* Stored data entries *
::::::

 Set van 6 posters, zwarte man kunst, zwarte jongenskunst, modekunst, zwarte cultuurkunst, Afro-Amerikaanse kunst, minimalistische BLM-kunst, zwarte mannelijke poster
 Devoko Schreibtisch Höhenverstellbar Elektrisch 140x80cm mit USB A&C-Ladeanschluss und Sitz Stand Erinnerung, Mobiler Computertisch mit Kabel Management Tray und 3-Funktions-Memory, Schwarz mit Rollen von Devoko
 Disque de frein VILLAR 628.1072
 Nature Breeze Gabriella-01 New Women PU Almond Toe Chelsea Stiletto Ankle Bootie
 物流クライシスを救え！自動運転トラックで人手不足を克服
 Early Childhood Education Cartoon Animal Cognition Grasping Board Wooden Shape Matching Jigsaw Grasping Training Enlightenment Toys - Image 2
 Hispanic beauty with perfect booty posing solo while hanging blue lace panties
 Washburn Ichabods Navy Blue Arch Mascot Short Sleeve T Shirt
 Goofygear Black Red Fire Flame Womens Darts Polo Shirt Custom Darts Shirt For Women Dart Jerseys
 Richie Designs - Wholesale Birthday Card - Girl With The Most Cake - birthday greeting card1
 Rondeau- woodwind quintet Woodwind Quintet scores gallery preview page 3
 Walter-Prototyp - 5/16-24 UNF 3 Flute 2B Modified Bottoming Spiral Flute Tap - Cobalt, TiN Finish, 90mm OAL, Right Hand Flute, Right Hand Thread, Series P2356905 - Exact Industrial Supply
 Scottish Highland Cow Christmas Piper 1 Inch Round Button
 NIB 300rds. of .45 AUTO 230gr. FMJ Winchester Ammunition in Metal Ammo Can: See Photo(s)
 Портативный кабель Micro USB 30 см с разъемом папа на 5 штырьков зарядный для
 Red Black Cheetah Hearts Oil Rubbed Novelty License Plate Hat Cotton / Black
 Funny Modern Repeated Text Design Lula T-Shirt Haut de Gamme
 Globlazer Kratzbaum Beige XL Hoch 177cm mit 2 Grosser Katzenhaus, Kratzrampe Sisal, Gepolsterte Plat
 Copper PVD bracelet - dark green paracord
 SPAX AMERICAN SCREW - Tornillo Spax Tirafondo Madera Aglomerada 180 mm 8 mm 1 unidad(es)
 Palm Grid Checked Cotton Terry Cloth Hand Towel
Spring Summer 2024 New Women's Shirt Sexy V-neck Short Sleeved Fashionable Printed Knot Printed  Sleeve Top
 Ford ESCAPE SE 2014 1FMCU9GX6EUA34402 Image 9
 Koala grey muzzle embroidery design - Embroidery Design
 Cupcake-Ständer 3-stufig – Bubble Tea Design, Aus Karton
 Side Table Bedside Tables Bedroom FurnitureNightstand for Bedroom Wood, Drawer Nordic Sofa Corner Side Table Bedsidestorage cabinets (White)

::::::

* Exercise *
The response must consist solely of the lines from the top of the records through the line holding "Портативный кабель Micro", copied word for word.

* Exercise output *
 Set van 6 posters, zwarte man kunst, zwarte jongenskunst, modekunst, zwarte cultuurkunst, Afro-Amerikaanse kunst, minimalistische BLM-kunst, zwarte mannelijke poster
 Devoko Schreibtisch Höhenverstellbar Elektrisch 140x80cm mit USB A&C-Ladeanschluss und Sitz Stand Erinnerung, Mobiler Computertisch mit Kabel Management Tray und 3-Funktions-Memory, Schwarz mit Rollen von Devoko
 Disque de frein VILLAR 628.1072
 Nature Breeze Gabriella-01 New Women PU Almond Toe Chelsea Stiletto Ankle Bootie
 物流クライシスを救え！自動運転トラックで人手不足を克服
 Early Childhood Education Cartoon Animal Cognition Grasping Board Wooden Shape Matching Jigsaw Grasping Training Enlightenment Toys - Image 2
 Hispanic beauty with perfect booty posing solo while hanging blue lace panties
 Washburn Ichabods Navy Blue Arch Mascot Short Sleeve T Shirt
 Goofygear Black Red Fire Flame Womens Darts Polo Shirt Custom Darts Shirt For Women Dart Jerseys
 Richie Designs - Wholesale Birthday Card - Girl With The Most Cake - birthday greeting card1
 Rondeau- woodwind quintet Woodwind Quintet scores gallery preview page 3
 Walter-Prototyp - 5/16-24 UNF 3 Flute 2B Modified Bottoming Spiral Flute Tap - Cobalt, TiN Finish, 90mm OAL, Right Hand Flute, Right Hand Thread, Series P2356905 - Exact Industrial Supply
 Scottish Highland Cow Christmas Piper 1 Inch Round Button
 NIB 300rds. of .45 AUTO 230gr. FMJ Winchester Ammunition in Metal Ammo Can: See Photo(s)
 Портативный кабель Micro USB 30 см с разъемом папа на 5 штырьков зарядный для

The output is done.